Everyone who has been around drag racers knows that you give them an inch
and they will take a mile. Plus we racers never do anything in moderation --
it has to be overboard. My friend Jeff Duncan was telling me this story of a
well-intended contest at an annual car show. The car show is held each year
in Sulphur Springs, Texas, in conjunction with the town Dairy Festival. To
give you an example how big dairy farming is in Sulphur Springs, they have a
dairy museum -- no kidding. But back to my story. The contest held at the
cow show was a potato relay. The intent of the potato relay contest was to
see who could pick the potatoes the fastest over a set course against the
clock.
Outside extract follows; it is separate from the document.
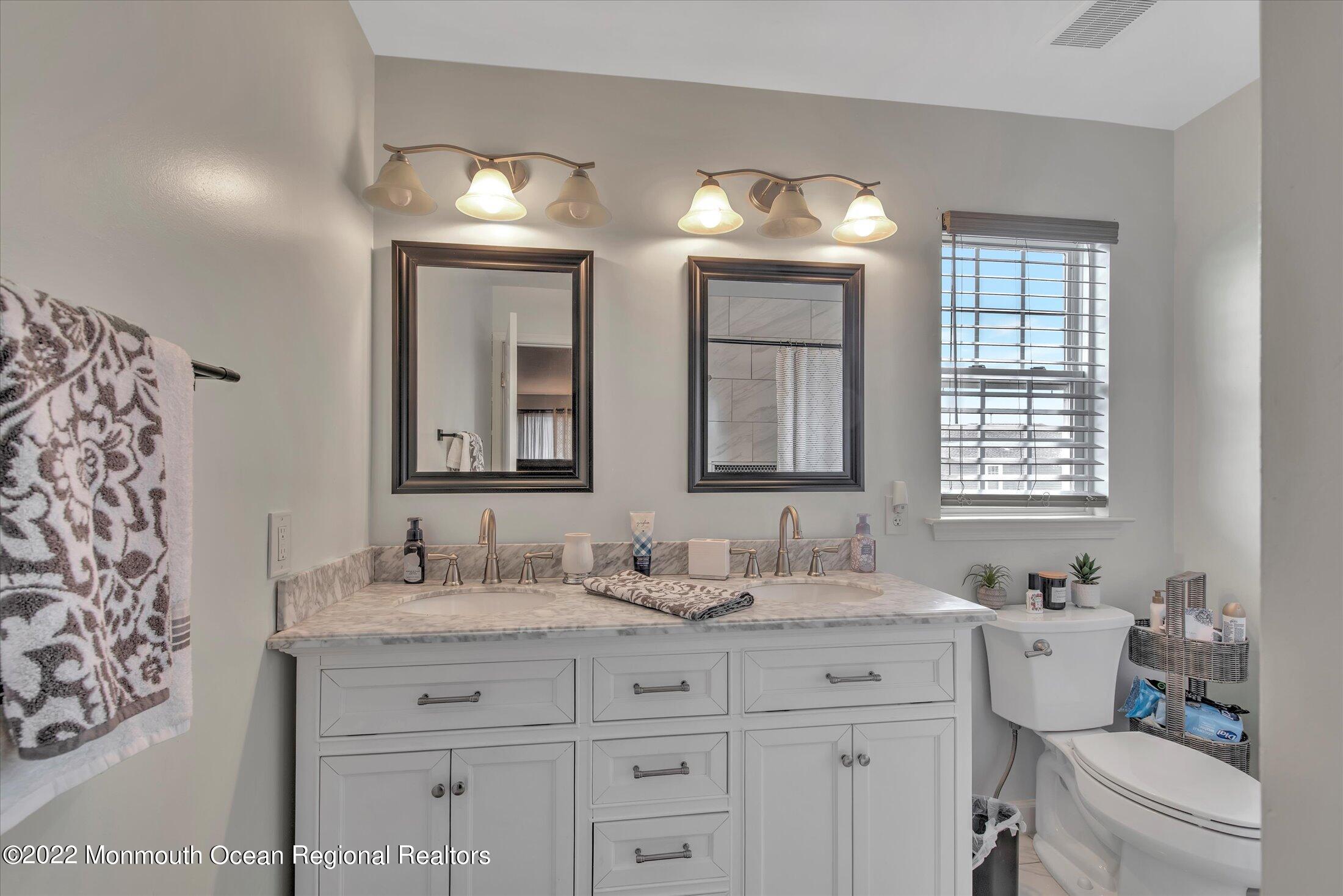 25 Tupelo Road Bayville, NJ 08721 - Photo 19 of 31 19-MASTER BATHROOM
The driver would drive the car while the passenger would use a pick
to stab the potatoes and pick them up.
The contest went on for a couple of years without a hitch with just
street cars taking part in the contest. But as time went by some drag racers
started entering the contest with their street-based race cars. Rather
quickly, the laid back potato relay became a wild, no holds barred event.
There would be Pro Mod style burnouts prior to the actual relay and endless
dry hops like the days of the Super Stock rosin burnouts. My buddy Jeff even
used nitrous on his ‘68 Chevelle and purged the system to drive the crowd
wild. He won the relay a couple of years in a row doing this.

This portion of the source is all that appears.